July 15, 2026 —
Voyager Therapeutics presented six-month good laboratory practice toxicology data for VY1706, its investigational BBB-crossing AAV gene therapy targeting tau for Alzheimer’s disease, at the Alzheimer’s Association International Conference.
The data showed that VY1706 was well tolerated in non-human primates following a single intravenous dose and produced sustained reductions in tau-related biomarkers for up to six months. Voyager reported up to 75% lowering of MAPT mRNA and tau protein in key Alzheimer’s disease-relevant brain regions.
VY1706 is designed to reduce both intracellular and extracellular tau, a protein associated with neurodegeneration and cognitive decline in Alzheimer’s disease. The therapy uses a vectorized siRNA targeting MAPT mRNA, encapsulated in Voyager’s TRACER™ AAV capsid for systemic delivery to the brain.
The TRACER capsid is designed to cross the blood-brain barrier after intravenous administration by leveraging ALPL, a conserved endothelial receptor expressed in brain vasculature. Voyager said ALPL-mediated transport supports the potential for cross-species translatability.

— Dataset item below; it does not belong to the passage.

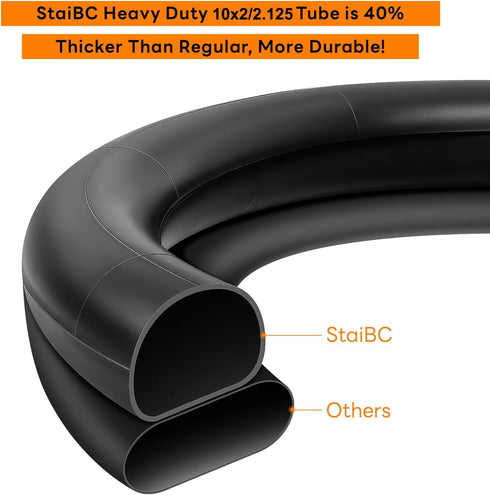 Heavy-Duty 10X2 Scooter Tubes, 2-Pack, Thicker 40% Compatible with Various Tire Sizes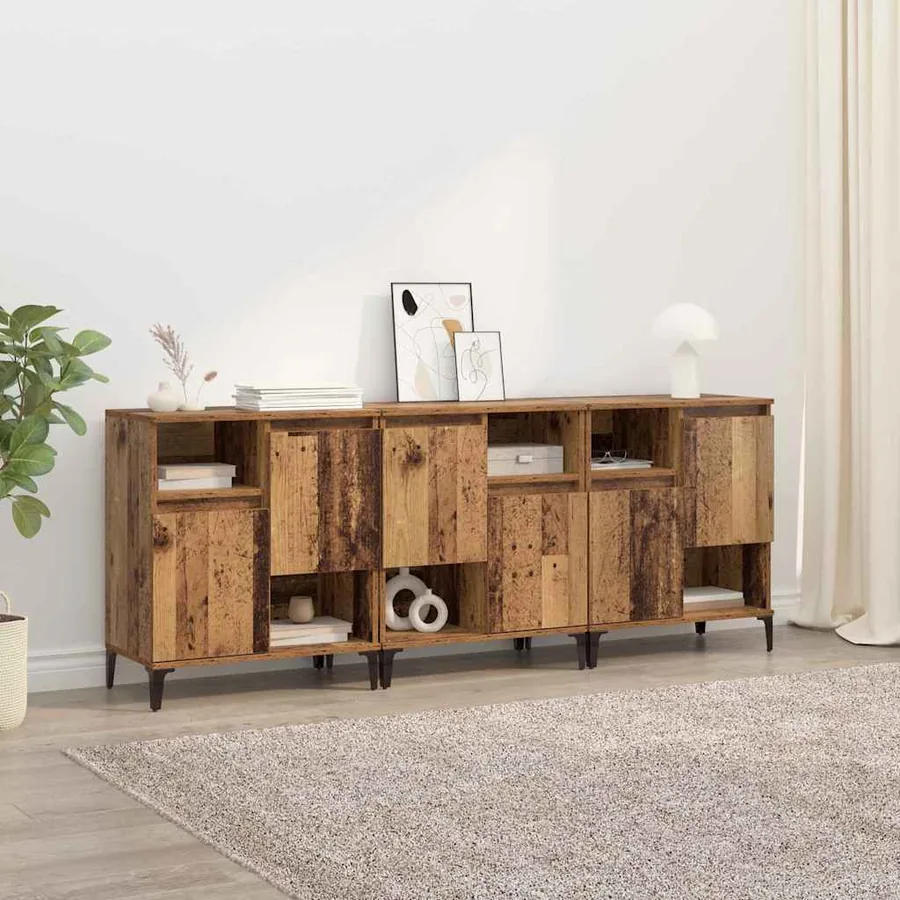 Buffets 3 pcs Bois Ancien 60 x 35 x 70 cm Bois d'ingénierie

In the three- and six-month GLP toxicology study, VY1706 demonstrated a favorable tolerability profile in non-human primates. No adverse clinical pathology or histopathological findings were observed in the central nervous system, dorsal root ganglia, or peripheral organs, including the liver, up to the highest tested dose of 5 × 10¹³ vg/kg.
The data also showed broad, durable, and dose-dependent CNS delivery after a single intravenous dose. In addition to tau lowering, Voyager highlighted liver de-targeting as a potentially important feature, given that liver exposure can contribute to safety concerns in systemically administered gene therapies.
Voyager received FDA Investigational New Drug clearance for VY1706 in June 2026, enabling initiation of a clinical trial in adults with early Alzheimer’s disease. The company expects dosing to begin in the second half of 2026.
VY1706 is the first tau-targeted gene therapy with an IND cleared by the FDA, according to Voyager. The program reflects growing interest in using engineered AAV capsids and vectorized RNA silencing approaches to address neurological diseases that require broad CNS delivery.
If successfully translated into humans, VY1706 could represent a differentiated approach to Alzheimer’s disease by targeting tau production directly through a one-time intravenous genetic medicine. The upcoming clinical trial will be important for evaluating whether the preclinical safety, delivery, and tau-lowering profile can translate into patients with early disease.